::: Extracted data
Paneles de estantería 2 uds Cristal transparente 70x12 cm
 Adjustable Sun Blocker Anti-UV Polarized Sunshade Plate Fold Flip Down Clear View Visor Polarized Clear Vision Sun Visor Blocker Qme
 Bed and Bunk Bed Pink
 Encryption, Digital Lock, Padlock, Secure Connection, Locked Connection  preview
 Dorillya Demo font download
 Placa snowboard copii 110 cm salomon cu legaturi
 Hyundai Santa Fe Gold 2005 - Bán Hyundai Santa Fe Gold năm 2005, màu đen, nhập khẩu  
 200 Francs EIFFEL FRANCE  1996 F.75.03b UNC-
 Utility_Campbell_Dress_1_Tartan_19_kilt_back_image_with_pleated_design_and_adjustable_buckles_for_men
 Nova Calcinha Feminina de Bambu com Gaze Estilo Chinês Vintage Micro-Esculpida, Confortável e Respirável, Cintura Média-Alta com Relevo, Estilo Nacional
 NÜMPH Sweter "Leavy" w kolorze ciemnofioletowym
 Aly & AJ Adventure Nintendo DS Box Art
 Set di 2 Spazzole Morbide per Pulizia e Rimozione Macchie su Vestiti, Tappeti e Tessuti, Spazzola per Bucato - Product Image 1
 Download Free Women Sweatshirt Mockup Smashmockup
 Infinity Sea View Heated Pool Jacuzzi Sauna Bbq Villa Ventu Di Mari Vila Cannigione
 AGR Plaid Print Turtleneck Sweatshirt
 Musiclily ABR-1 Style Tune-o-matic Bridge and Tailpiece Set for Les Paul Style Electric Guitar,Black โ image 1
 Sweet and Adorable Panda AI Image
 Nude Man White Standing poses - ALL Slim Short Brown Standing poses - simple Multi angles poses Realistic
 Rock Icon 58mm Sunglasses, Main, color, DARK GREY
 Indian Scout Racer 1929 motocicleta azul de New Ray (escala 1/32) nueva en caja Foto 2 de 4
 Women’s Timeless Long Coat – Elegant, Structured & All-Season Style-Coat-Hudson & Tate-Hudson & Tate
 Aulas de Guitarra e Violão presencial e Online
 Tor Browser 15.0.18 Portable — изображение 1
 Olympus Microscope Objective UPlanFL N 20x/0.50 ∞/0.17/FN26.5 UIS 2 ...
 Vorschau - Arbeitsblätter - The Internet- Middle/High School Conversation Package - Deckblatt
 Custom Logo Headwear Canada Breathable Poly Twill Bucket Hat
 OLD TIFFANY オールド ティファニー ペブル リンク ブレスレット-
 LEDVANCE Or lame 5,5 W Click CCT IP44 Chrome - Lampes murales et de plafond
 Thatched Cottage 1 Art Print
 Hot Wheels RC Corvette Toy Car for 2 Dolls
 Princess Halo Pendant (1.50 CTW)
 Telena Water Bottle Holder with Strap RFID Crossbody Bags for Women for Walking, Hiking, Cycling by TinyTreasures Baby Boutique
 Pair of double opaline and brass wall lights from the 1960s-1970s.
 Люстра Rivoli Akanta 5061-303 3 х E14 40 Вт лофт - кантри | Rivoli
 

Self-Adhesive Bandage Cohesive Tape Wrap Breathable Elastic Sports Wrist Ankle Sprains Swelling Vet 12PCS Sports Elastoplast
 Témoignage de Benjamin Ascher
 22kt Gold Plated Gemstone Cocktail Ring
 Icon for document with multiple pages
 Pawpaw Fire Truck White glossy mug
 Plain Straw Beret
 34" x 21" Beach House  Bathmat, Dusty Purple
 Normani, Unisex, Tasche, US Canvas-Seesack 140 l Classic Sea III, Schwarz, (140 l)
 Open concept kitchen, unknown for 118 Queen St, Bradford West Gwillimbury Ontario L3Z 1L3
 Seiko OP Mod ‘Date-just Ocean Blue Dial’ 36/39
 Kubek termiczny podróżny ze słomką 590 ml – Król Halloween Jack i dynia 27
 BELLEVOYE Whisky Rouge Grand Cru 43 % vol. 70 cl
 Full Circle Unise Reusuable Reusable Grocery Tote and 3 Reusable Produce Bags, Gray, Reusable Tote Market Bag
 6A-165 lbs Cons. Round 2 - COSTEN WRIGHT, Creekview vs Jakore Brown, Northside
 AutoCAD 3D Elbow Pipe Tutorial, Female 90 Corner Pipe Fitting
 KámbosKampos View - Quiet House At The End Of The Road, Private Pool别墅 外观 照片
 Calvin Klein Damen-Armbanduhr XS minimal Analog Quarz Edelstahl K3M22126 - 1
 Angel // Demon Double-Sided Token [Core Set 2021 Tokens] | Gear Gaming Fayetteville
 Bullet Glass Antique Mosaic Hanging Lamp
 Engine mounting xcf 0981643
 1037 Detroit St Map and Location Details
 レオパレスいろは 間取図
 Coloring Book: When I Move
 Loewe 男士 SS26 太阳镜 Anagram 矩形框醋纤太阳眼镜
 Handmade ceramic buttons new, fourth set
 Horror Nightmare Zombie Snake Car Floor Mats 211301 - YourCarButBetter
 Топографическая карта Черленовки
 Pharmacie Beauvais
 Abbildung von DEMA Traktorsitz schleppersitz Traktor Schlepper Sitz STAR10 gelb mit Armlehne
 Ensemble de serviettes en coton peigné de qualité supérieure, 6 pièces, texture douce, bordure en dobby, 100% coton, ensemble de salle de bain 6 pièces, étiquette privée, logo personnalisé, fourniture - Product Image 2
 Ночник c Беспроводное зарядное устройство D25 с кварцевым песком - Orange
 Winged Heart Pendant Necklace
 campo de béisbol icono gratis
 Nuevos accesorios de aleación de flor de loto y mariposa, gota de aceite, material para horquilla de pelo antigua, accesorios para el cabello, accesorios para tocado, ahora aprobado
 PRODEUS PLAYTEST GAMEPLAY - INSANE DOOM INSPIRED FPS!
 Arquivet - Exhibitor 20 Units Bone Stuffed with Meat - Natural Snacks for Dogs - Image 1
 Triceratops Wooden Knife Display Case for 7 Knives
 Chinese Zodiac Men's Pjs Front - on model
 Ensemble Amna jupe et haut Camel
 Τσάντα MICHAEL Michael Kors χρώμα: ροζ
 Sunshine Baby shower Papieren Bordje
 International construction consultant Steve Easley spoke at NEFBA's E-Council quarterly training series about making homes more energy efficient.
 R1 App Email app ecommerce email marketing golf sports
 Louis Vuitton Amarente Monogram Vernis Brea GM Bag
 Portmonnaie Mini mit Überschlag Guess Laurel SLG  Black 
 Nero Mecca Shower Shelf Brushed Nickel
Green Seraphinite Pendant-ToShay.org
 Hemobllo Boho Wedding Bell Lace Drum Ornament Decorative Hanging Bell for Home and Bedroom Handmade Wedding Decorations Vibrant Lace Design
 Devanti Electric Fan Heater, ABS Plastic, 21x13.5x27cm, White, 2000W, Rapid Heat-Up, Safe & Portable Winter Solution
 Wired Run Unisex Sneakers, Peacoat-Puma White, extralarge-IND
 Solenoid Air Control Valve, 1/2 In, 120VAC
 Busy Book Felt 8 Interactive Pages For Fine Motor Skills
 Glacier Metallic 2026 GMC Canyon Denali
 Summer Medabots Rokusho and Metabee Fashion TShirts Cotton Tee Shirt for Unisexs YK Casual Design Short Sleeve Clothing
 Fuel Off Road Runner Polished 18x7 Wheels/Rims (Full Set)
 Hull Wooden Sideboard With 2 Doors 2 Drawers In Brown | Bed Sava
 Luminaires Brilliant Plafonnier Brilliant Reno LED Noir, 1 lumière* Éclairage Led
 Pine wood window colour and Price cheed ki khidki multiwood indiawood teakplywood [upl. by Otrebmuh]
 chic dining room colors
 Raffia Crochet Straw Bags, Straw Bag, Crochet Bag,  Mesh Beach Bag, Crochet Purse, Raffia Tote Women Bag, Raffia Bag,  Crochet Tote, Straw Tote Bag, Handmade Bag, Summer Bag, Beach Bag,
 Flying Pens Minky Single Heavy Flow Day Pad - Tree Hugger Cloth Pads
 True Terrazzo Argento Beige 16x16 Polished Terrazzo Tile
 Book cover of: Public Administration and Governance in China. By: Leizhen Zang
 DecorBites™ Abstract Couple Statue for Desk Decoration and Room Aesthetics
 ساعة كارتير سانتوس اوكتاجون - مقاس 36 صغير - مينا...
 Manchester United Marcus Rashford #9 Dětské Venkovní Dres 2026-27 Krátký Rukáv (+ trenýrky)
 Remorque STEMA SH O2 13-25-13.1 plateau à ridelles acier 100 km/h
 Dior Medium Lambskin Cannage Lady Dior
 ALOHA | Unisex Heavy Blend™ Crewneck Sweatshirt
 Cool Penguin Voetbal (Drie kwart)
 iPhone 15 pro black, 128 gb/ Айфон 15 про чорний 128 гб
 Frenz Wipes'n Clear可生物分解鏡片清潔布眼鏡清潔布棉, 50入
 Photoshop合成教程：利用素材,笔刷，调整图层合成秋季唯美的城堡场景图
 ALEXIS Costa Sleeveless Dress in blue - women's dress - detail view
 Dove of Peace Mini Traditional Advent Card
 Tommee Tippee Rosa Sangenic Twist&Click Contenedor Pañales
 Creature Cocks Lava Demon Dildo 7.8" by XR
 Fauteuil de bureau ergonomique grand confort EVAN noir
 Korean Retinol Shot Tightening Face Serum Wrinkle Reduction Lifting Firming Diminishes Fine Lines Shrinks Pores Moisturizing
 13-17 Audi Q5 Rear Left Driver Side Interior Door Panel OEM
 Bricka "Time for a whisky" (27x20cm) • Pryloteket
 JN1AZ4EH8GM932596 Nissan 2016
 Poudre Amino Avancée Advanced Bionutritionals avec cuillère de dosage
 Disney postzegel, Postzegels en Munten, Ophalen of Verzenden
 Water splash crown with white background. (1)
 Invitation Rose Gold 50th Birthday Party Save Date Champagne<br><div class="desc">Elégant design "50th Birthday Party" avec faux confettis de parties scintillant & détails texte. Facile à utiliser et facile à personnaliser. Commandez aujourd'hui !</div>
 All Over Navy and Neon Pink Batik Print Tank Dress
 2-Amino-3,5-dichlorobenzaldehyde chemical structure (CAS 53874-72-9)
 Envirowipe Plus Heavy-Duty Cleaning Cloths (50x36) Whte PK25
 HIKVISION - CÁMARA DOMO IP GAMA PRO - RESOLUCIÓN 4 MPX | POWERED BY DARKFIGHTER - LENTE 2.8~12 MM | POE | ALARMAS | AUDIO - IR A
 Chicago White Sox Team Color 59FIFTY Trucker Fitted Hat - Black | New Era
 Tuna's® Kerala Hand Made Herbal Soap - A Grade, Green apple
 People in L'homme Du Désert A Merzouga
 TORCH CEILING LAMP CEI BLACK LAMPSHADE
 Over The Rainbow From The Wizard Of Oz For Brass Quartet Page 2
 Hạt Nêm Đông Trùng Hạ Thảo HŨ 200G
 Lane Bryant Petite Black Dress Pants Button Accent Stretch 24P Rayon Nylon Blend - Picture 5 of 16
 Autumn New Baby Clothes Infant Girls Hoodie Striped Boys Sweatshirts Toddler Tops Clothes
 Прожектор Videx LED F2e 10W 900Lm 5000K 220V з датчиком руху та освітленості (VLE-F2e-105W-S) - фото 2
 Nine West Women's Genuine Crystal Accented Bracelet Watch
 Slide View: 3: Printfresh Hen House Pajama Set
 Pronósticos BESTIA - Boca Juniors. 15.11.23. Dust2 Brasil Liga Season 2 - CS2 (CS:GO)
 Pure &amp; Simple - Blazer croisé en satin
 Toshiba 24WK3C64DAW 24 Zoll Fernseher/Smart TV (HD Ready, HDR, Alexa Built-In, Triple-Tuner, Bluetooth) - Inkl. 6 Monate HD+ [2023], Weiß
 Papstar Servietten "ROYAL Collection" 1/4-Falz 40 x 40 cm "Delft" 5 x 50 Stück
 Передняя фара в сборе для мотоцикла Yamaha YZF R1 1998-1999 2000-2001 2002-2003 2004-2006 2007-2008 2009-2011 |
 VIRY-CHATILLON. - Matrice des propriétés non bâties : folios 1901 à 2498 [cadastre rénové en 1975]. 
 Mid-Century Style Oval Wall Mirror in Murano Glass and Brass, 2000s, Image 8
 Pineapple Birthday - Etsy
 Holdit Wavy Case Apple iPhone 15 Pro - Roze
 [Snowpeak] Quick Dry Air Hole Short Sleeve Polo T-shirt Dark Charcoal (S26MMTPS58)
::::::
» **Your objective**: In the material above, find the line containing "Plain Straw Beret" and the line containing "Abbildung von DEMA", then write out exactly those two lines and every line between them, and nothing more.

» **Output of the task**:
 Plain Straw Beret
 34" x 21" Beach House  Bathmat, Dusty Purple
 Normani, Unisex, Tasche, US Canvas-Seesack 140 l Classic Sea III, Schwarz, (140 l)
 Open concept kitchen, unknown for 118 Queen St, Bradford West Gwillimbury Ontario L3Z 1L3
 Seiko OP Mod ‘Date-just Ocean Blue Dial’ 36/39
 Kubek termiczny podróżny ze słomką 590 ml – Król Halloween Jack i dynia 27
 BELLEVOYE Whisky Rouge Grand Cru 43 % vol. 70 cl
 Full Circle Unise Reusuable Reusable Grocery Tote and 3 Reusable Produce Bags, Gray, Reusable Tote Market Bag
 6A-165 lbs Cons. Round 2 - COSTEN WRIGHT, Creekview vs Jakore Brown, Northside
 AutoCAD 3D Elbow Pipe Tutorial, Female 90 Corner Pipe Fitting
 KámbosKampos View - Quiet House At The End Of The Road, Private Pool别墅 外观 照片
 Calvin Klein Damen-Armbanduhr XS minimal Analog Quarz Edelstahl K3M22126 - 1
 Angel // Demon Double-Sided Token [Core Set 2021 Tokens] | Gear Gaming Fayetteville
 Bullet Glass Antique Mosaic Hanging Lamp
 Engine mounting xcf 0981643
 1037 Detroit St Map and Location Details
 レオパレスいろは 間取図
 Coloring Book: When I Move
 Loewe 男士 SS26 太阳镜 Anagram 矩形框醋纤太阳眼镜
 Handmade ceramic buttons new, fourth set
 Horror Nightmare Zombie Snake Car Floor Mats 211301 - YourCarButBetter
 Топографическая карта Черленовки
 Pharmacie Beauvais
 Abbildung von DEMA Traktorsitz schleppersitz Traktor Schlepper Sitz STAR10 gelb mit Armlehne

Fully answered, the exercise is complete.